I didn’t like scrambling across the ‘path’ in the cloud. I didn’t like hauling myself up a rock face in the mist. I didn’t like the feel of my knees trembling, mouth agape as I realised this really was the path. But if I could have seen the drop, or the way forward, I think it would have made it worse.
Don’t Look Down
Now that I’ve looked at YouTube videos, seen all the beautiful pictures on Instagram, I’m glad I couldn’t see the view. Sure, it would have made a great photo. But I’m glad I wasn’t peeking over the precipice, watching as gravel dropped miles below. (Okay, I may be exaggerating, but you get the idea). My legs are jelly at the best of times, let alone when I can see how far we’ve got left to go. Or how steep the edge is. Sometimes, I think the limited view is good for us. We can’t see what’s coming. We just have to keep moving forward.
If we could always see what’s coming, of course we could look forward to the good bits. We’d rejoice, celebrate as they came into view. But we could also worry more about the bad stuff. We’d get a glimpse at what’s coming and we’d psych ourselves out. We’d worry before it even happened.
I was worrying enough about getting down and I couldn’t even see how high we were. Imagine if I’d have seen the drop.
‘Right, when we get to the top. No messing about. No photos. I just want to get down.’
Reader, I didn’t say messing about.
I’m glad my husband didn’t listen. I’m glad he made me pose for the picture. I don’t know how he managed to make me smile. My anxiety was bouncing, but my rational brain eventually settled on. Well, what can you do? There is only one way down and you’ve got to keep pushing.
The View From The Bottom
Why do we push ourselves? What’s the point? Why do we climb mountains in the rain?
The view from the top is normally a pretty good reason, and there have been days where the view has left me speechless. But my reason is that pint at the end.
Blimey, it’s always a good one. I’m not sure I’m supposed to say this, but it is my favourite part of any walk. It’s the signal to say you made it, you did it. Top to bottom. You can celebrate now. You earned it.
And that pub, at the bottom of Helvellyn, when I saw it come in to view, I think I actually shed a tear.
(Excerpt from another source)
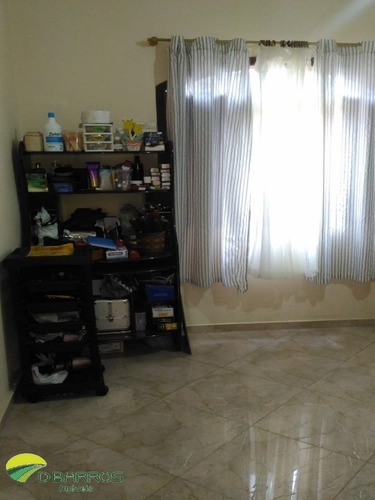 Hipica Pinheiros - Taubate - Sobrado - 4 Dorms - Sendo 1 Suite - 3 Salas - 3 Banheiros - 6 Vgs - Terreno 282mta - A.c.232mts - 6002 - 34496860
Talk about views. It was quite simply, the best view in the whole of the Lake District that day. We timed it perfectly and nabbed a table outside, sheltered from the rain by a sun umbrella. This was not a day for halves.
Estrella. Pint. Please.
To top it off, we then raced to Dominos and dried off at a friend’s house with more beer and the England Euro game. The view that day kept getting better and better as we got further and further from the mountain.
I’m sure, though, these parts wouldn’t have tasted and felt as good if I hadn’t earned them. Walked for them. I can’t tell you how happy I was in that pub. How good the pint of Estrella tasted. How good it felt to have achieved it. To see the view at the end. As we left our friend’s house, the rainy mist that had been following us all day continued to descend. We walked back to the safety of our campervan and slept well.
So, let’s keep climbing mountains. Let’s keep writing the stories about the days that aren’t perfect, but know those stories still matter. Let’s keep holding out for the view, whether that’s from the top, or from the pub at the bottom. We know it will be worth it, and the journey just makes it even more worthwhile.